Background: Lorazepam is recommended by the Society of Critical Care Medicine as the preferred agent for sedation of critically ill patients. Intravenous lorazepam contains propylene glycol, which has been associated with toxicity when high doses of lorazepam are administered.
Objective: To evaluate the accumulation of propylene glycol in critically ill patients receiving lorazepam by continuous infusion and determine factors associated with propylene glycol concentration.
Methods: A 6-month, retrospective, safety assessment was conducted of adults admitted to the medical intensive care unit who were receiving lorazepam by continuous infusion for 12 hours or more. Propylene glycol serum concentrations were obtained 24-48 hours after continuous-infusion lorazepam was initiated and every 3-5 days thereafter. Propylene glycol accumulation was defined as concentrations of 25 mg/dL or more. Groups with and without propylene glycol accumulation were compared and factors associated with propylene glycol concentration were determined using multivariate correlation regression analyses.

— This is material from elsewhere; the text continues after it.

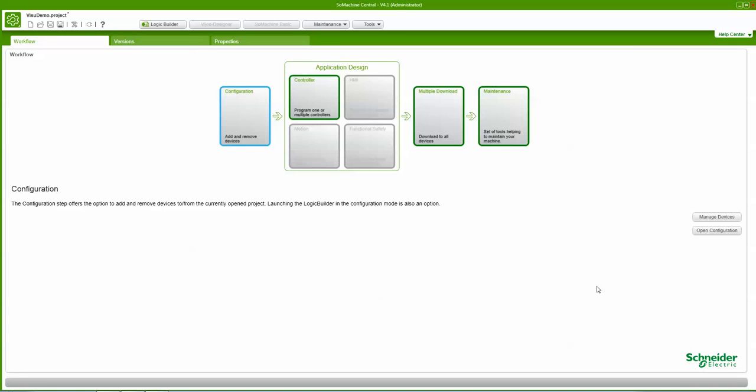Hey guys, in this video I'm going to show you how to link a data array to the visualization in SewerMachine v4.1. So let's begin.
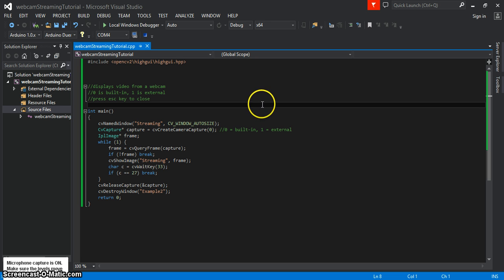And we'll toggle between the built-in and the external so just to make sure they both work.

Results: Forty-eight propylene glycol serum samples were obtained from 33 patients. Fourteen (42%) patients had propylene glycol accumulation, representing 23 (48%) serum samples. Univariate analyses showed the following factors were related to propylene glycol accumulation: baseline renal dysfunction, presence of alcohol withdrawal, sex, age, Acute Physiology and Chronic Health Evaluation (APACHE II) score, rate of lorazepam continuous infusion, and 24-hour lorazepam dose. Multivariate linear regression modeling demonstrated that propylene glycol concentration was strongly associated with the continuous infusion rate and 24-hour dose (adjusted r(2) > or = 0.77; p < 0.001). Independent correlation analyses showed that these 2 variables were so strongly associated with propylene glycol concentration (r(2) > or = 0.71; p < 0.001) that they alone predicted propylene glycol concentration. Seven (21%) patients developed renal dysfunction after continuous-infusion lorazepam was initiated, but associated causes were indeterminable. Other possible propylene glycol-associated adverse effects were not observed.
Conclusions: The continuous infusion rate and cumulative 24-hour lorazepam dose are strongly associated with and independently predict propylene glycol concentrations. Despite the absence of confirmed propylene glycol-associated adverse effects, clinicians should be aware that propylene glycol accumulation may occur with continuous-infusion lorazepam.